Some are still complaining that they want a physical keyboard. Some are complaining that they stopped making film cameras. Why did they force this digital thing down people's throats! Bloody corporate villains!
1. New technologies for those two cases were better in three ways, as they were: 1. cheaper, 2. more practical and 3. technically superior. These factors can in fact be used as explanations/justifications for a newer solution becoming dominant.
For example digital cameras eventually overtake analogue film cameras in dynamic range, exposure, sharpness, motion, frame rates, etc. You could also store them in a small flash disk, and run them all the time (whereas with film cameras you had to exchange the roll all the itme), had smaller and much more portable cameras, and were cheaper to go around with. The last parts are very important, as they completely democratized the industry, by making it easier for amateur filmmakers to move up and make a career of it.
So let's look the 3.5mm jack vs. BT. 1. Are BT solutions cheaper than wired ones? No. 2. Are BT solutions more practical? Yes and no. Yes, in that you have no wire, no in that they run on very limited battery life, and need constant charging. 3. Are BT solutions technically superior? No. SQ is inferior, there's interference, there's connection loss, etc.
So BT is not even comparable to the examples you gave above. They're not even comparable to the floppy disc example that έχω δίκιο gave.
2. The introduction and success of digital cameras still didn't cancel out film cameras. Film directors are still very much free to use 35mm/70mm if they want to; and they do! Tarantino and Christopher Nolan use film in all of their movies. All the newer Star Wars and Mission Impossible movies were shot on film. So
the option to decide is still very much there -- unlike with 3.5mm jack for consumers. B
T was very much still there, alongside 3.5mm jack, yet people still went with wired earphones. This very clearly demonstrates what option people in general preferred.
A smartphone is a jack of many trades - its not an audiophile gadget or a device meant to make movie watching as good that at a cinema.
The fact that you can't even see the hypocrisy of this statement is hilarious. If a smartphone is "a jack of many trades", then it ought to have a 3.5mm jack.
Also, your attempt at associating a 3.5mm jack with "audiophiles" who want "movie watching as good at a cinema" is laughable. I guess my mother, my wife, my friends and the rest of the population, who all have/had more wired earpieces than wireless ones, are audiophiles as well? The headphone jack is more universal than BT audio.
I will be unhappy when they do but I will also understand that supporting a small user segment has its costs and profit-making businesses generally don't find good ROI in it. Its simple economics.
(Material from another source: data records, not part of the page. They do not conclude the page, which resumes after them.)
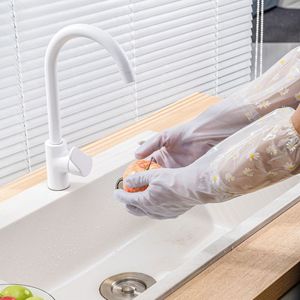Gants de nettoyage imperméables pour les travaux ménagers, gants de cuisine en latex, gants de vaisselle, gants de lessive, gants en caoutchouc résistants à l'usure - Product Image 6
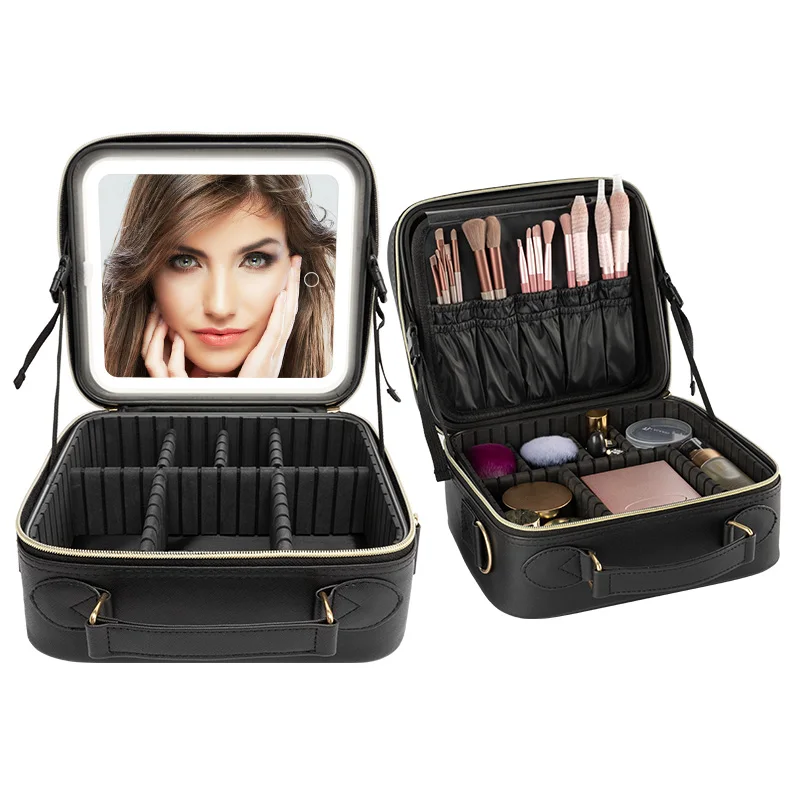 new-small-storage-mirror-with-led-portable-travel-cosmetic-storage-bags-pu-waterproof-travel-makeup-bag-for-wom-outdoor-toiletry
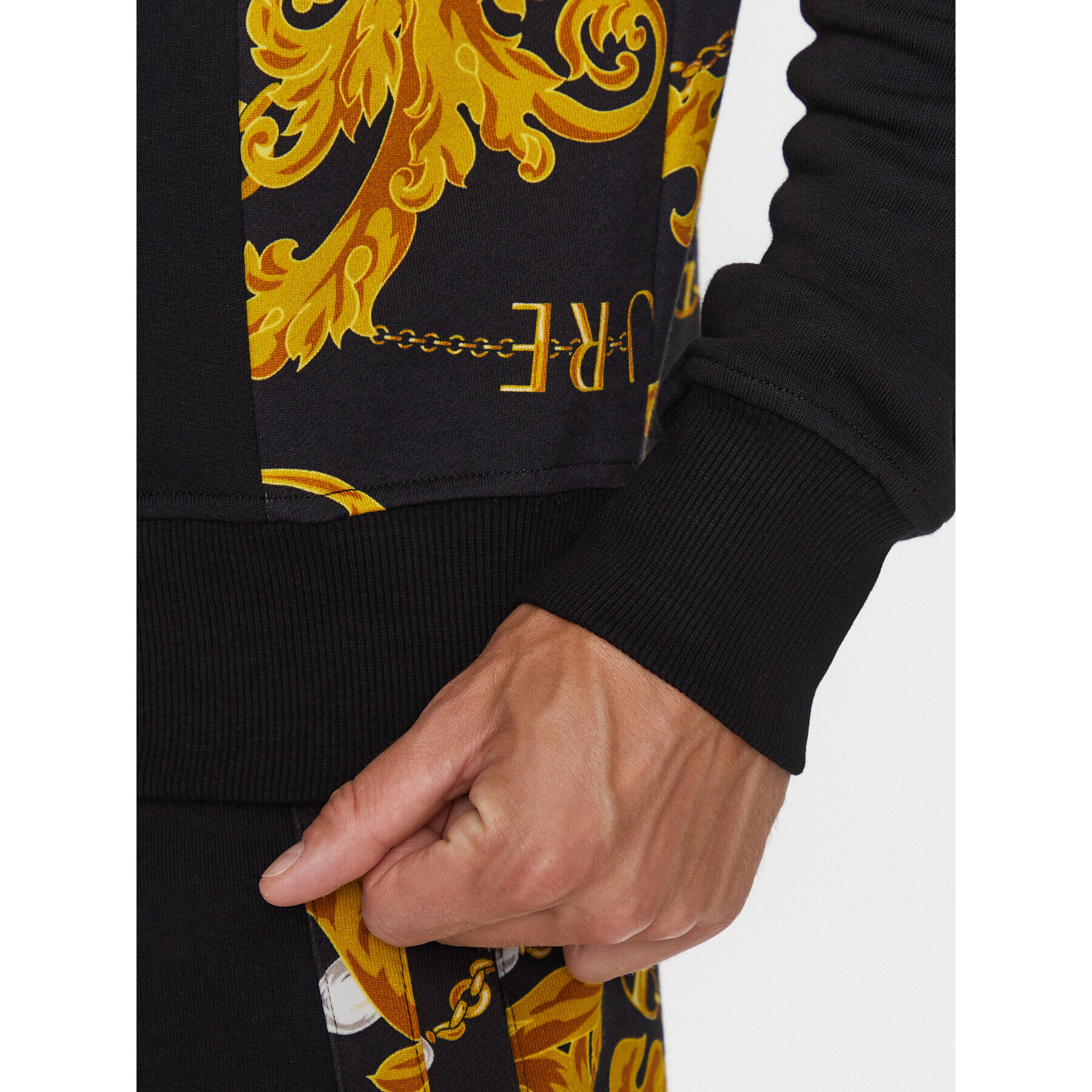 Versace Jeans Couture Суитшърт 75GAI316 Черен Regular Fit - Pepit.bg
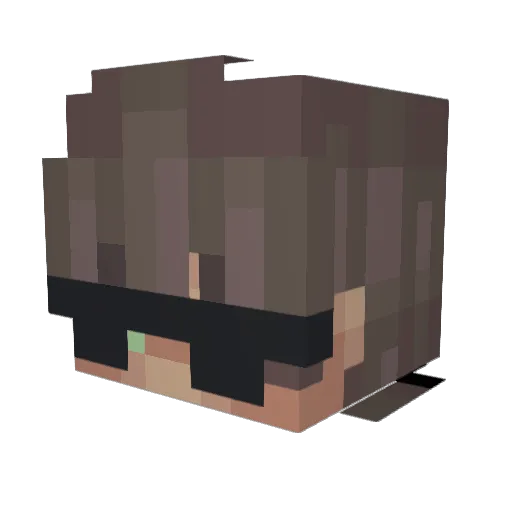 NemanjaOnTop1 Minecraft avatar head, 3D render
By what account do you claim that people using wired earpieces are "a small user segment" -- or rather, smaller than those with wireless ones? All the numbers show the opposite; in fact, wireless earphone purchases first shot up when phones stopped coming with headphone jacks. Proving my point about forcing people.
Also, the argument of ROI is simply not worth taking seriously, as a 3.5mm jacks hardly costs anything to put in phones, especially when compared to other components. And whatever you may argue it costs, it's still less than the 3.5mm adapter that they provide you in the box; certainly way less than the USB Type-C earphone Google now provides in the box (which is not just an earphone, but also has a separate DAC/Amp with it). How does that fit into your ROI "simple economics"? Oh wait, it doesn't. But I don't expect you to be aware of the logical fallacies in your arguments, which even a child can observe, as you seem completely uninterested in doing independent critique of this topic. You seem more motivated by your infallible, totalitarian loyalty to these corporations and their actions. In your belief that everything they do must be reasonable, you try to rationalize their action however way possible. No matter how nonsensical.